Output 3: Data Record and Packet Decode with tshark

That’s a lot! 

From the IPFIX header we see following characteristics of the packet:

  • Best-Effort class of service (value 0)
  • drop priority 0
  • it’s an exception packet, exception id 194
    • see below how to decode this value
  • forwarding next-hop, egress interface, OutputInt index are all equal to 0
    • it’s another confirmation that the packet is an exception packet
  • Input Interface ID is 360, and InputInt SNMP index is 576:
aelita@pe2# run show interfaces | match 576
  Logical interface ge-0/0/0.0 (Index 360) (SNMP ifIndex 576)

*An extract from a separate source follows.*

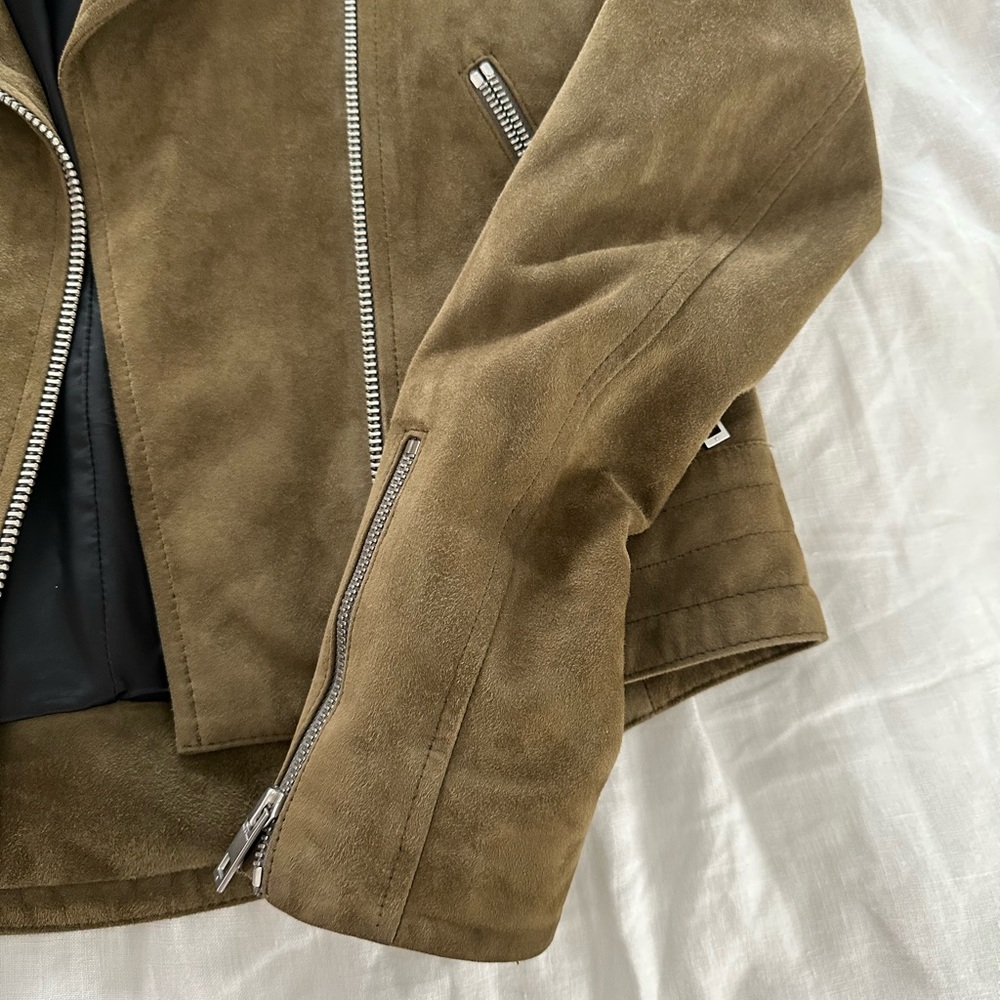 Rag & Bone Suede Jacket - image 4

Now we know the interface details and some other metadata of the transit packet and can proceed to analyze the packet itself (using same output above coming from tshark packet decoder):

  • Ethernet Frame, Destination and Source MACs, Protocol ID 0x8847 (MPLS)
  • MPLS label stack [ 1000001 ]
  • IPv4 payload, SRC/DST IP, TTL, Router Alert option
  • UDP payload, SRC/DST ports
  • MPLS echo request, sequence number, NIL FEC

That is a great insight, we know that this packet caused an exception, and even the exact content of the packet!

Why was there an exception created? We need to understand what the exception code 194 means.

In Junos, on MX series of routers, there are counters associated with exceptions of type discard and punt. There are many reasons for discard, for example dropping packets where the route to destination does not exist (or explicitly points to the discard interface), VLAN mismatch, wrong destination MAC, bad IP headers and many other reasons and counters associated with them. A punted packet is sent to the upper layers for further processing, for example control traffic directed to the router itself, or when there is a need to resolve next-hop like ARP, or various subscriber packets like PPPoE – again, counters associated with those and other similar actions.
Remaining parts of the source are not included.